Le blog de Julien Arbez
11/06/2019
La nyctale
J’ai eu la chance ce printemps de suivre pour la première fois une nichée de chouettes de tengmalm dans une hêtraie sapinière. Me voilà très heureux de vous faire part des moments forts vécus durant plusieurs semaines…
23 avril : Je me trouve au pied de l’arbre abritant la loge de pic noir utilisée il y a deux ans par un couple de nyctales de tengmalm, ces petites chouettes de montagnes discrètes et nocturnes. Comme il y a deux ans, je gratte le tronc au pied de la loge pour savoir si elle est habitée. Ces chouettes sont assez rares et difficiles à localiser, ce serait une sacrée surprise ! Décidément c’est un jour de chance.
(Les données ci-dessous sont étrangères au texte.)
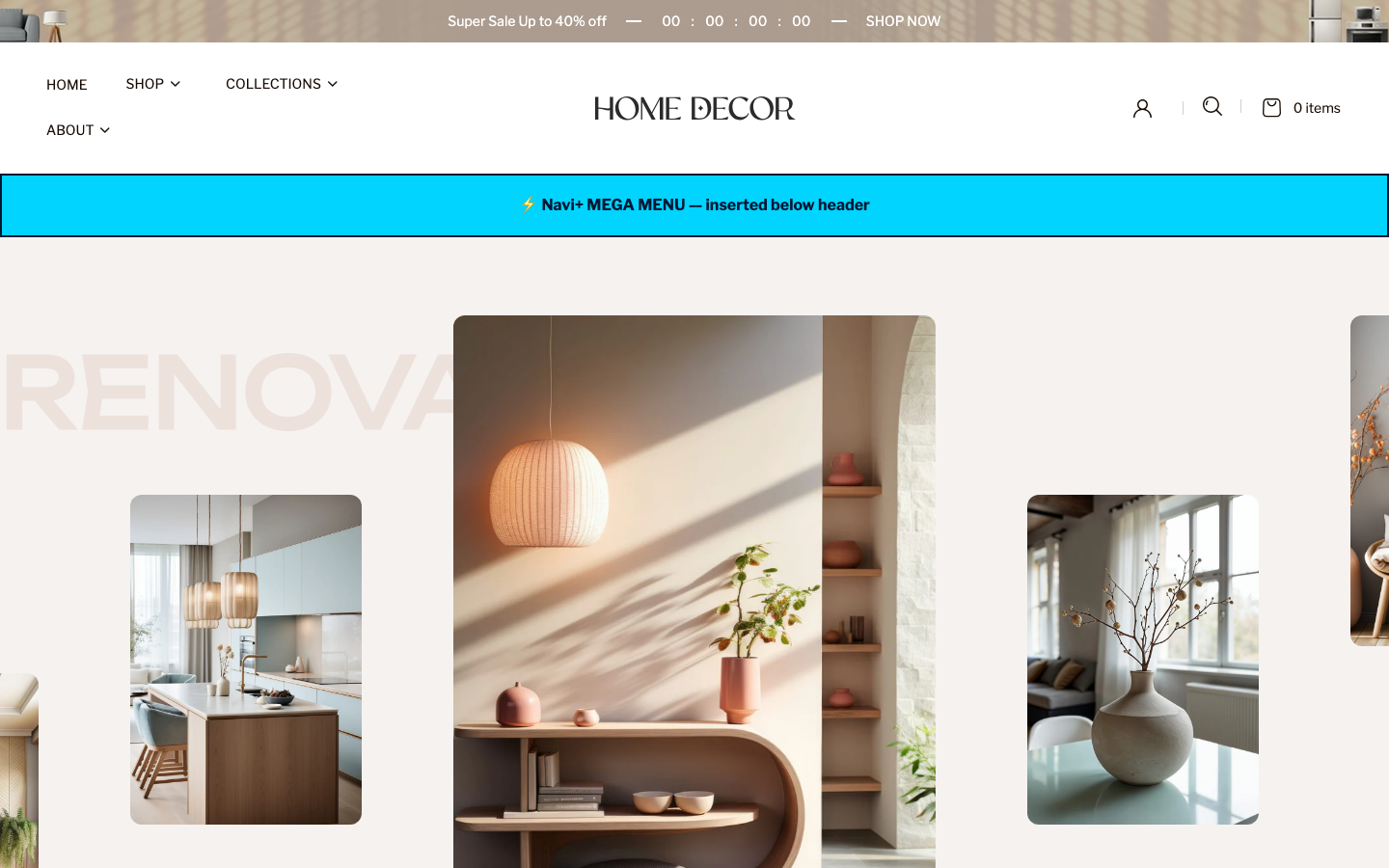 Menu inserted below header — Navi+ on the Renovate Shopify theme Menu inserted below header — Navi+ on the Renovate Shopify theme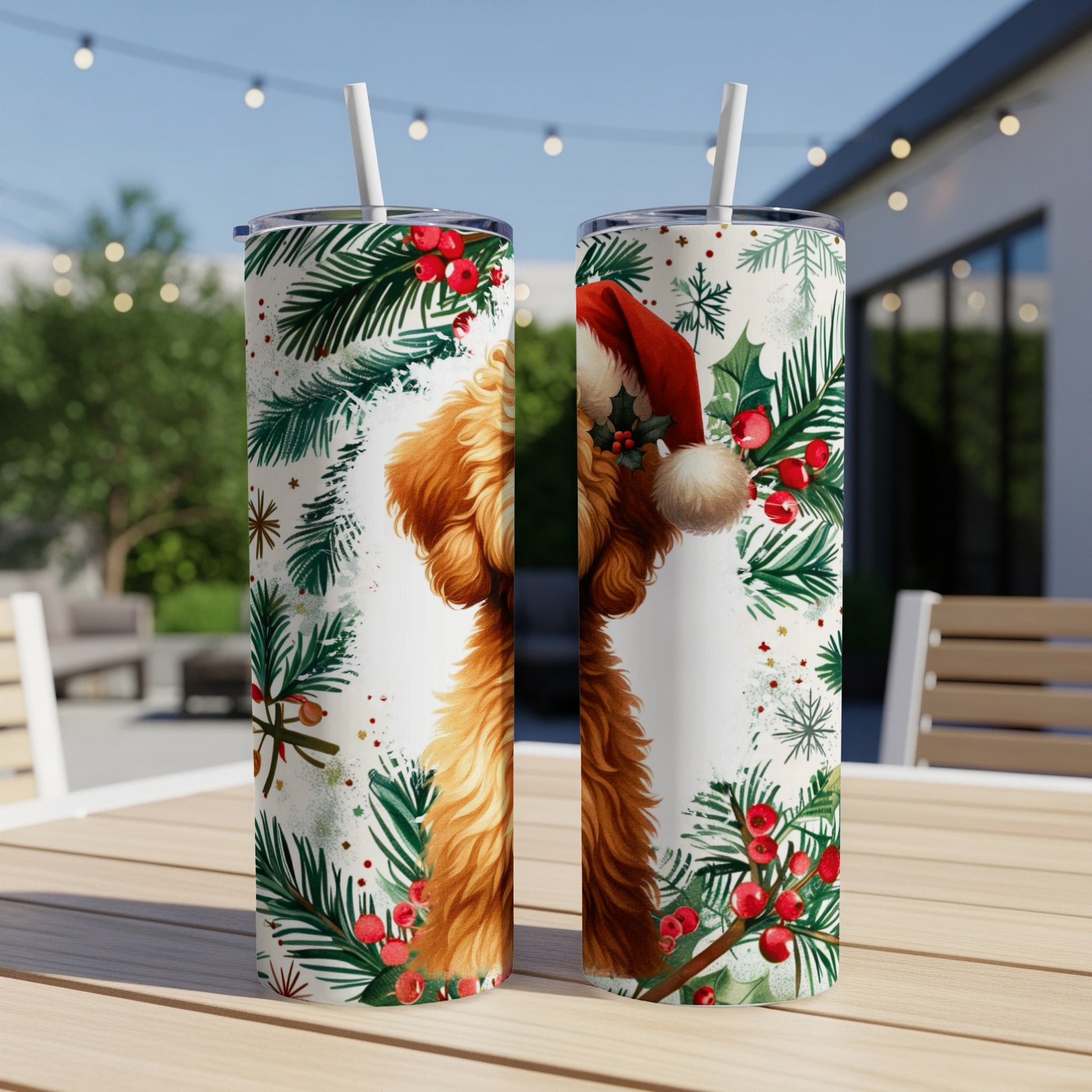 Two golden doodle dogs in Santa hats on a festive Christmas tumbler.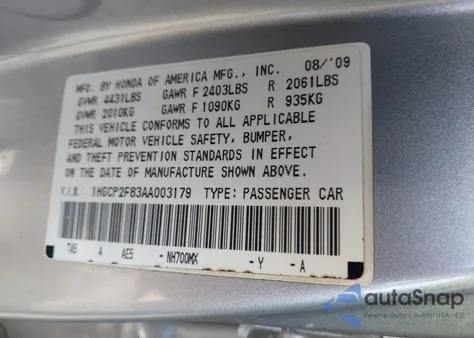 2010 Honda Accord 2.4 Ex-L from USA, damaged, VIN 1HGCP2F83AA003179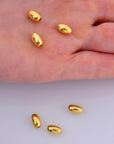 24K Gold 8x5mm Plated Rice Shape Beads, 925 Silver Oval Beads in 24K Gold Vermeil, Smooth Seamless Olive Beads, Jewelry Supplies, VM1C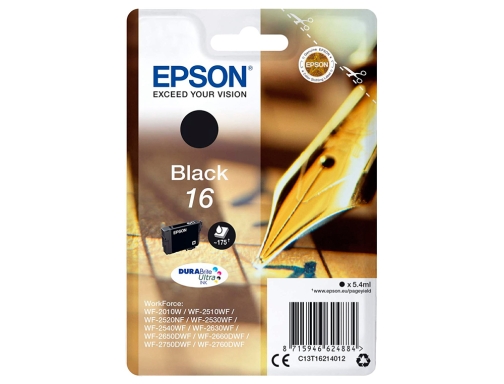 Ink-jet Epson 16 wf2010w wf2510wf wf2520nf wf2530wf wf2540wf negro 175 pag C13T16214012, imagen 2 mini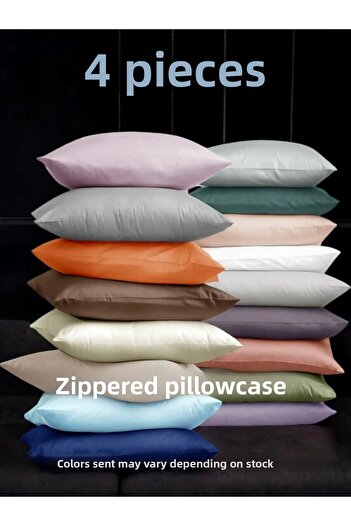 embays collection (4 Pieces) 50X70 cm Colorful Zippered Outlet Pillow Case, Mixed Color Pillow Case
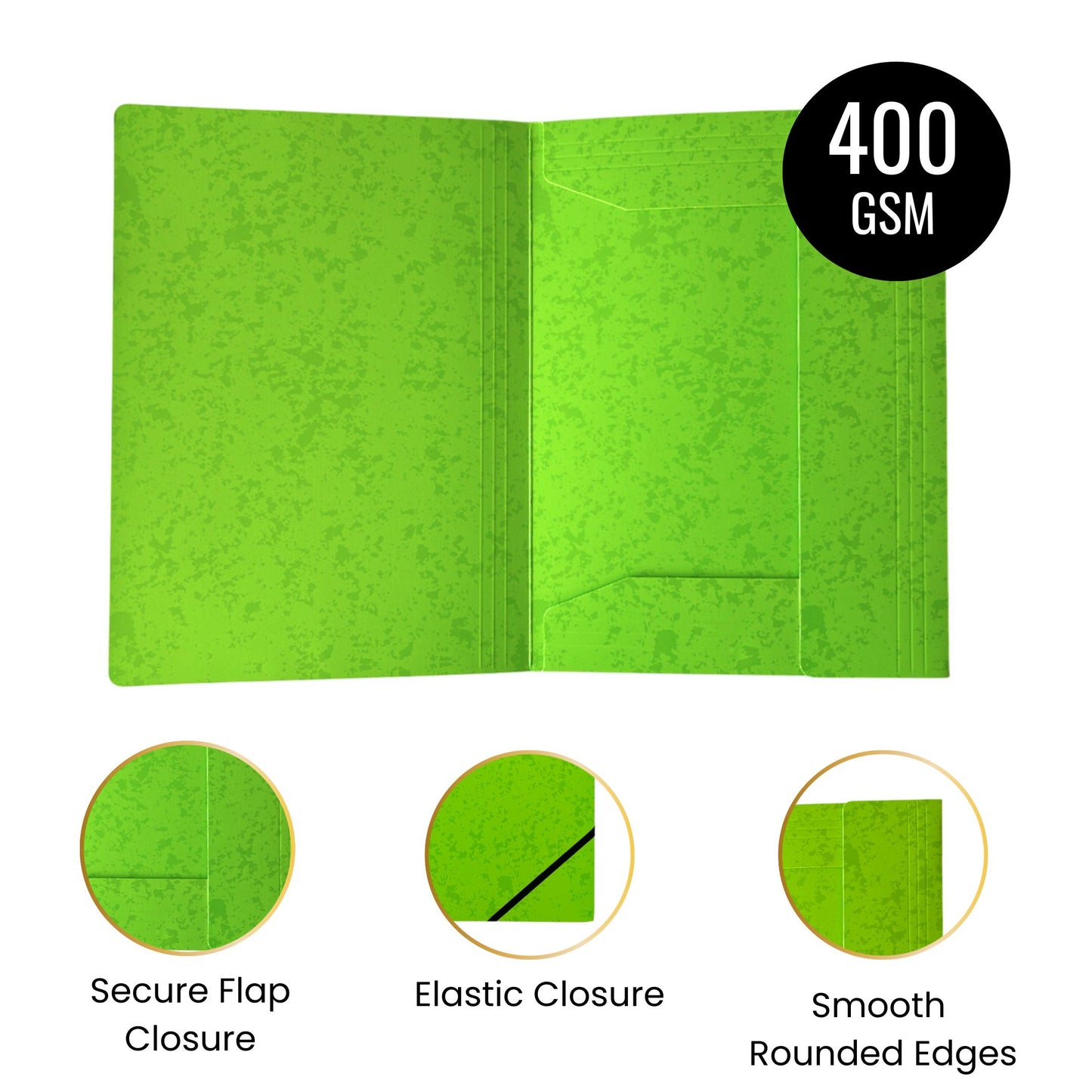A4 Neon Green Card 3 Flap Folder With Elastic Closure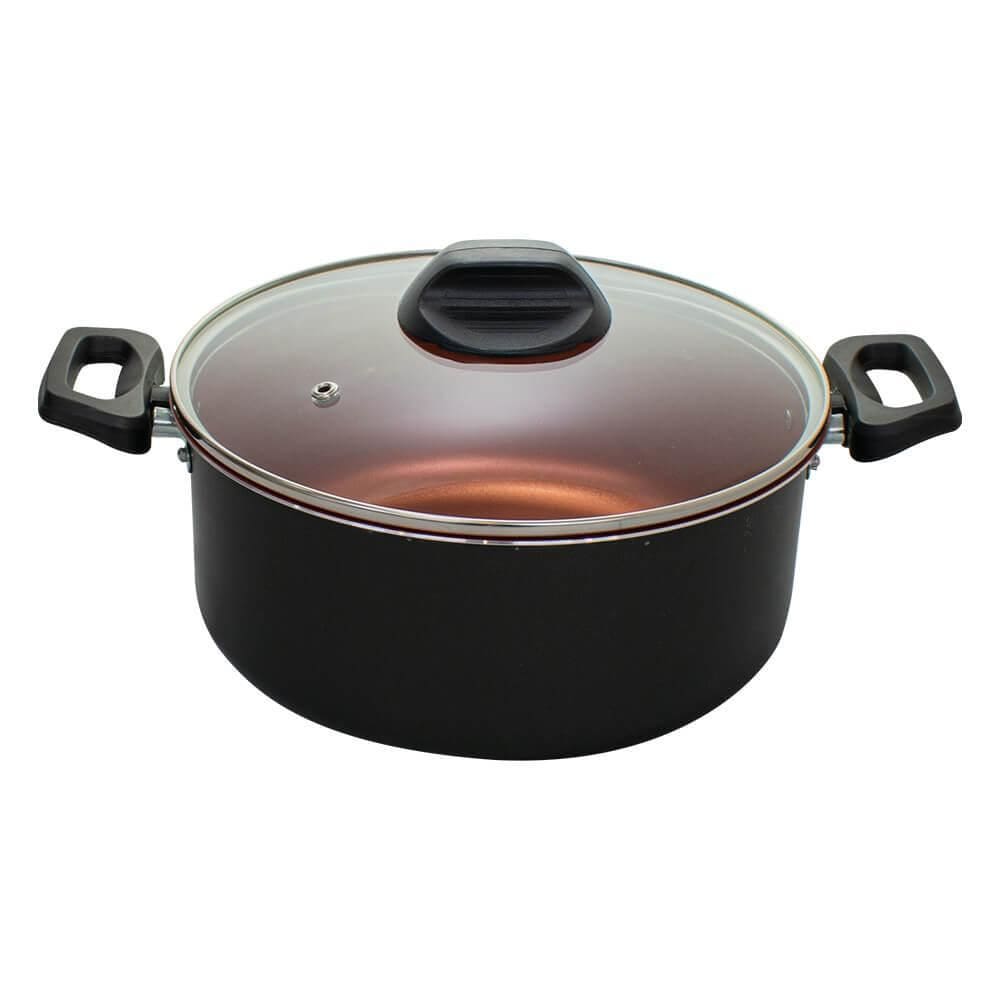 Panela Caçarola Antiaderente Pro-Flon Topázio Preto 20cm - Brinox
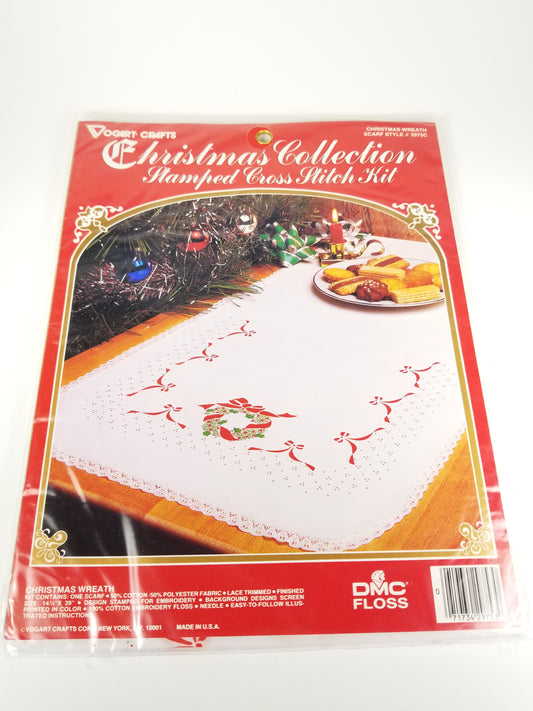 Vogart Crafts Christmas Collection stamped Cross stitch Kit Christmas Wreath scarf 2975C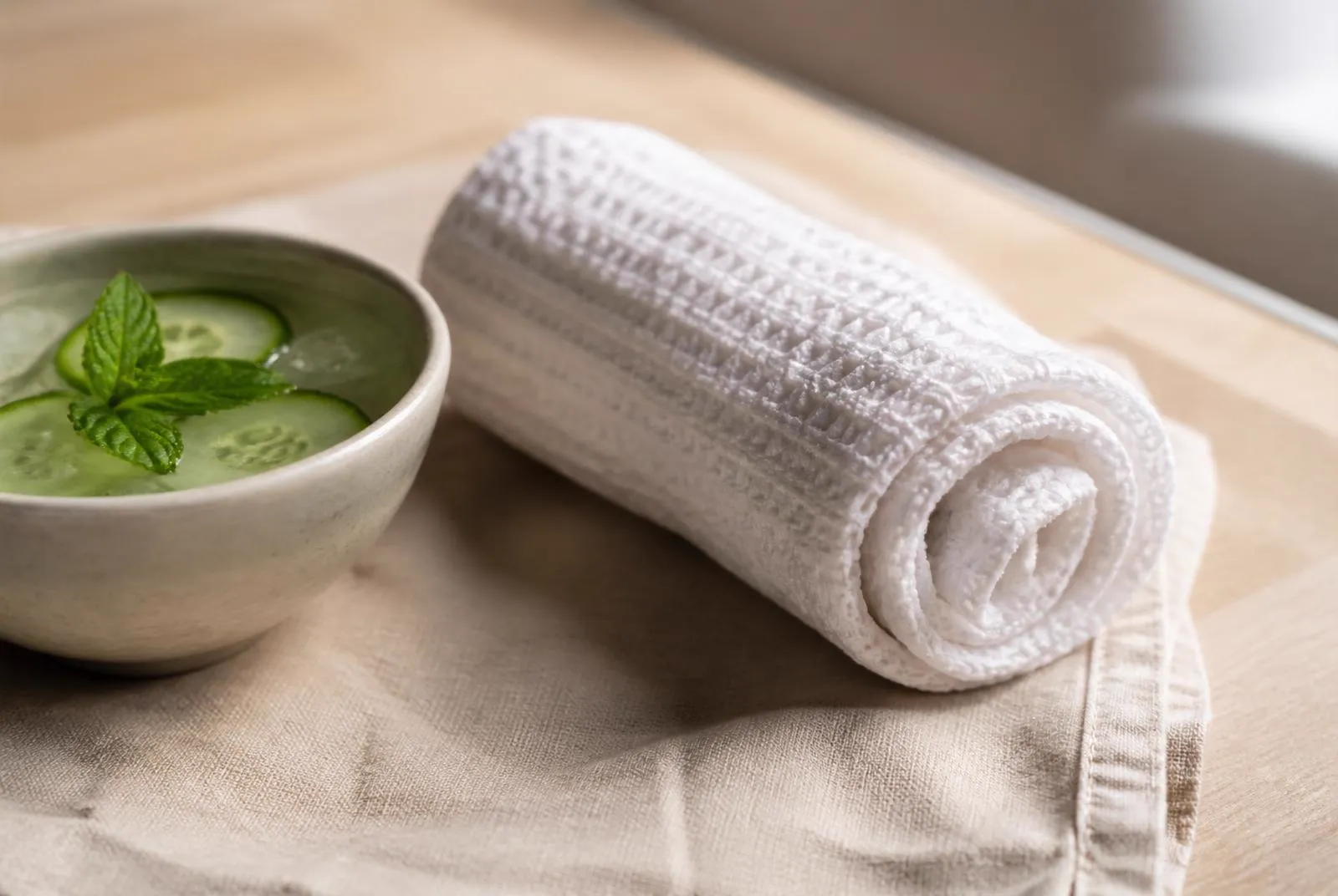 Chilled DIY cold oshibori towel rolled in waffle-weave cotton on a linen napkin, next to a small ceramic bowl of ice water with cucumber slices and fresh mint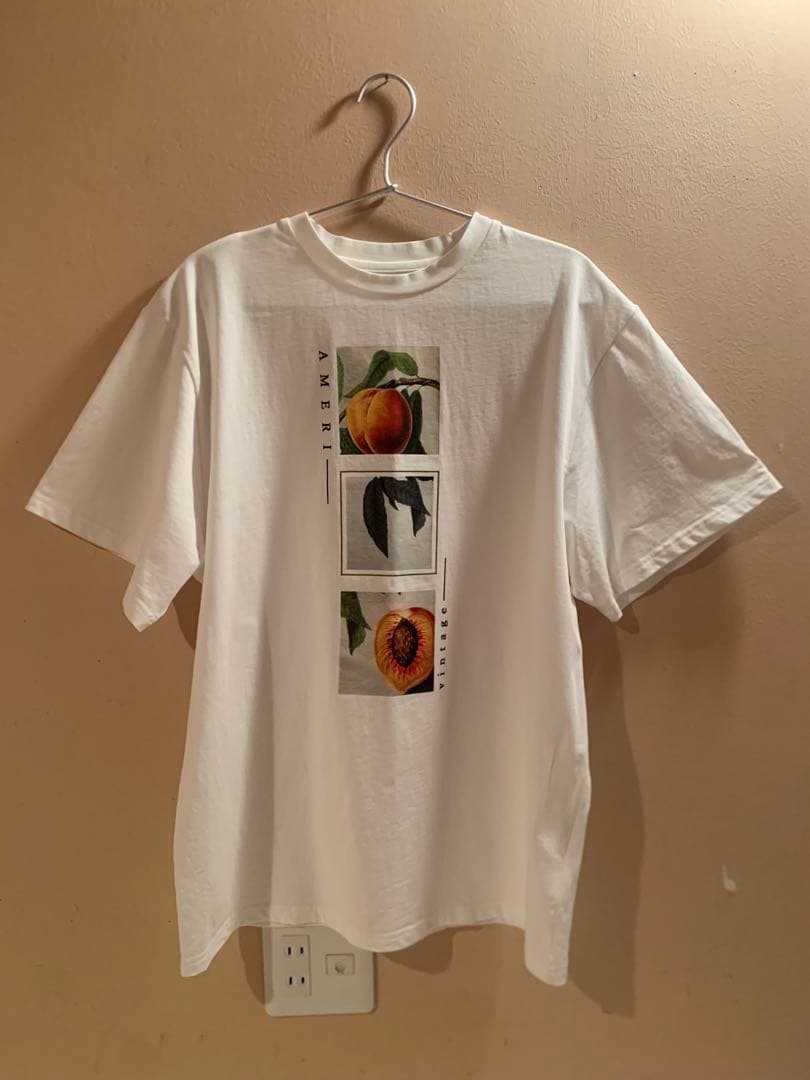 トップス Ameri VINTAGE CROP FRAME PLUM TEE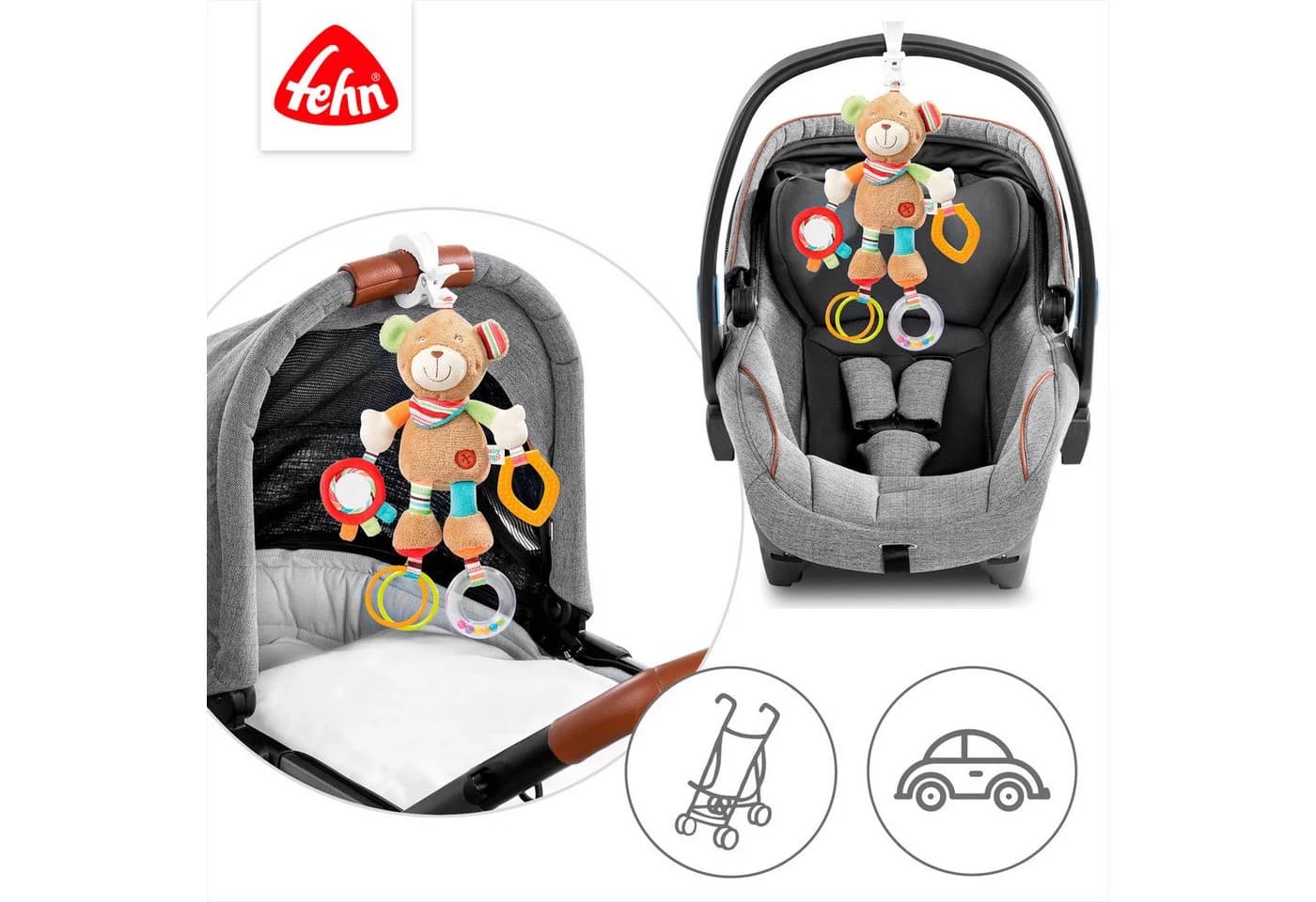 FEHN Activity-Teddy Classic Stars Greifspielzeug Bunt mit Klemme - Bild 4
La petite chouette sort de sa cavité et baisse la tête pour identifier le faiseur de trouble. Cette année comme il y a deux ans, la loge est habitée !
20 mai : Un mois plus tard, et après plusieurs allées et venues dans le bois, je reviens au pied du grand hêtre pour prendre des nouvelles des petites chouettes. Les adultes ne sont plus là, et pour cause ! Les jeunes sont tellement serrés dans la loge qu’ils ont du mal à parvenir chacun en même temps à la fenêtre. A la tombée de la nuit, je sais qu’ils sont au moins trois !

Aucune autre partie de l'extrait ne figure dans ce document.